• 2 cups (473 ml) whole milk
• ½ cup (118 ml) water
• 4 large eggs
• ¼ cup (57 g) unsalted butter melted but not hot
• 1 ½ teaspoons vanilla extract
• 2 cups (250 g) all-purpose flour
• 2 Tablespoons (25 g) granulated sugar
• ½ teaspoon salt
• Cooking oil or melted butter for cooking
• 1 ⅔ cups (400 ml) heavy cream
• ¾ cups (93 g) powdered sugar divided
• 8 oz (226 g) full-fat cream cheese softened
• ½ teaspoon vanilla extract
• ⅛ teaspoon salt
• 3 oz (85 g) chocolate use a chopped semisweet baking bar or couverture chocolate chips (½ cup)

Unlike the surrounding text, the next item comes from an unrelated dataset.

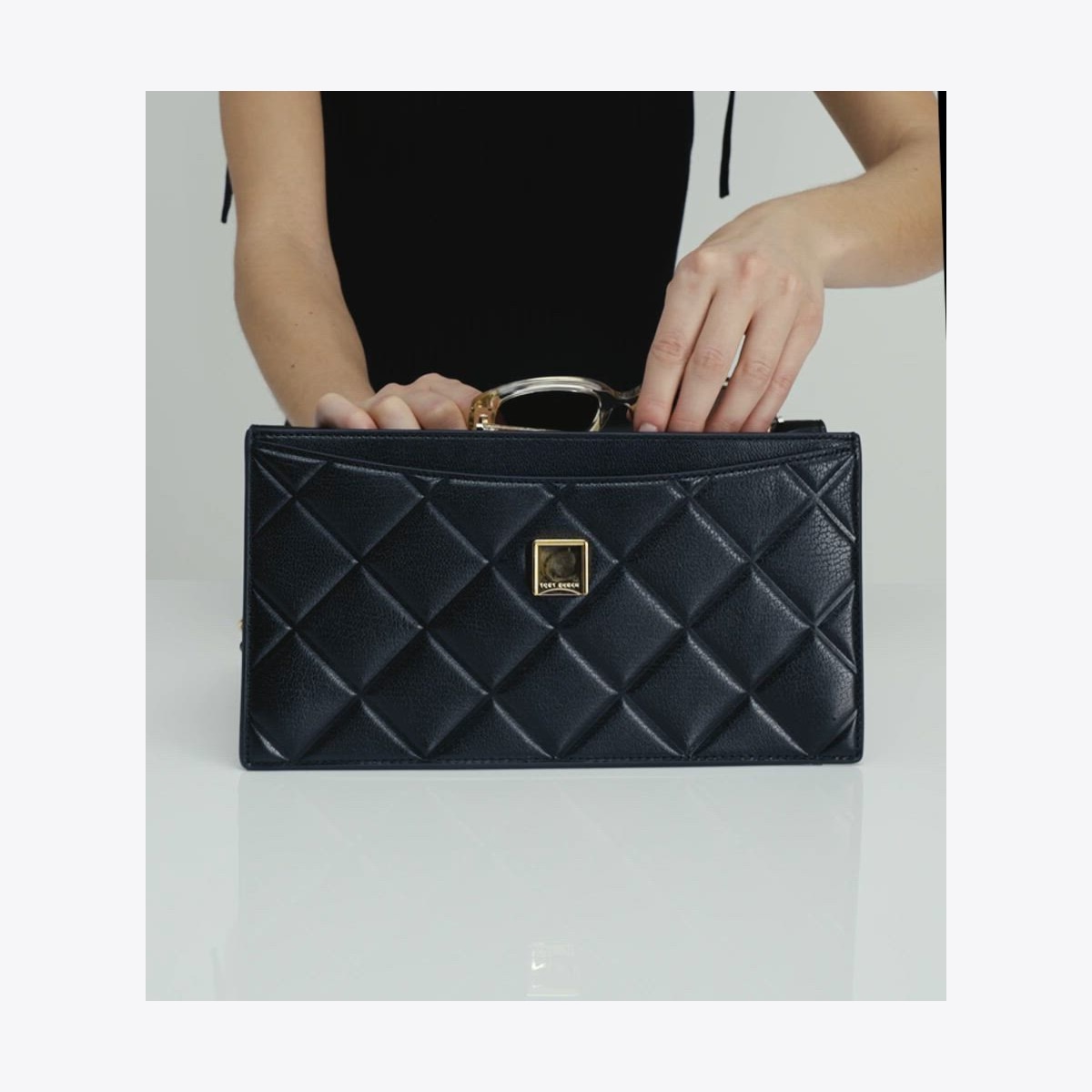 Fleming Shoulder Bag - gray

• 6 Tablespoons (88 ml) heavy cream
• Strawberries for garnish optional
Pour all crepe ingredients (excluding oil) into blender. Blend for 10 seconds. Scrape sides of blender with spatula to ensure ingredients are combined. Refrigerate for 30 minutes.

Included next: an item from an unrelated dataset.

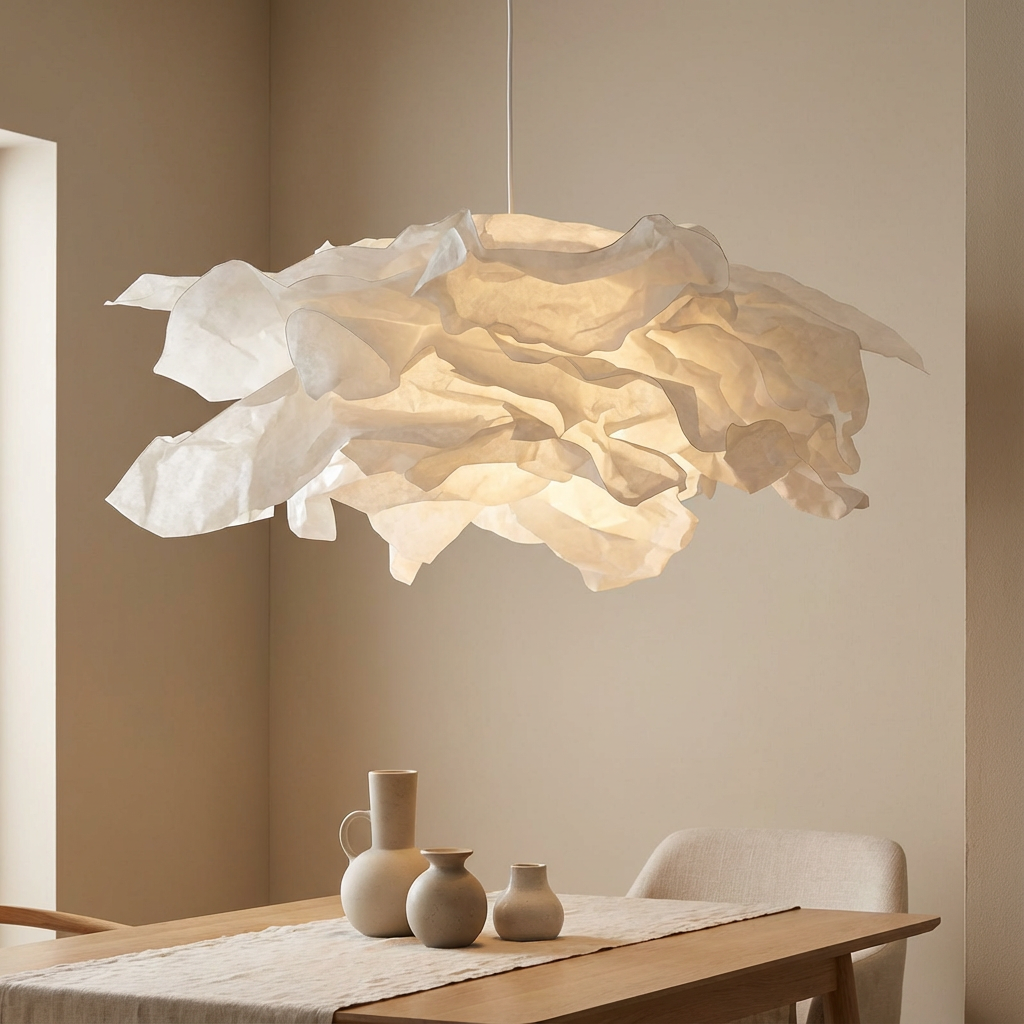 NimbusCloud | Dreamy Organic Taklampa för Vardagsrum och Sovrum 0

Brush an 8” skillet lightly with cooking oil or melted butter. Heat over medium heat. Pour a bit less than ⅓ cup of batter into the pan, tilting the pan so the batter forms an 8” circle.

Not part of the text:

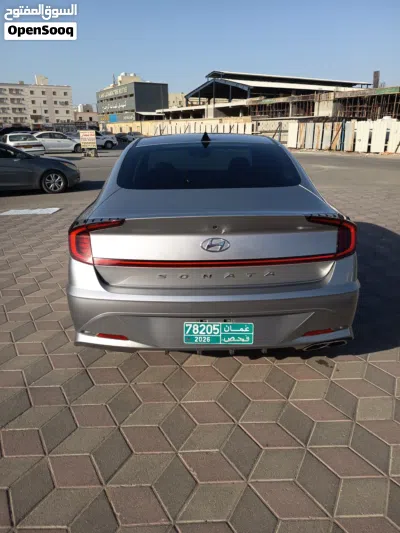 Hyundai Sonata SEL 3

Cook until edges appear set and crepe begins to appear dry, flip (cooked side should be beginning to turn lightly gold) and cook until lightly golden.
Remove to a cooling rack to cool and repeat until you have used all of your crepe batter. Note: You only need 20 crepes to make this crepe cake, you will have a few extras.
While crepes cool, make your filling. Combine heavy cream and about half of the powdered sugar in a large mixing bowl.
Use an electric mixer to beat to stiff, fluffy peaks.
In a separate bowl, combine cream cheese, remaining powdered sugar, vanilla and salt and stir until smooth and creamy.
Adding whipped cream to the cream cheese mixture and gently folding them together until uniform.
Place one crepe on a serving platter then portion a large spoonful (about 3 Tablespoons) of filling over the crepe. Use an offset spatula to spread evenly over the crepe.
Top with your next crepe, then repeat until you have used 20 crepes and all your filling (if you have any filling left over, feel free to use your extra crepes!)
Place chocolate in heatproof bowl. Place cream in a small saucepan and heat until steaming. Pour cream over chocolate, cover with foil, and let sit for 5 minutes.
Whisk chocolate until smooth. Let chocolate cool until slightly thickened, then spread evenly over crepe cake. Return to fridge and let chocolate set. Enjoy!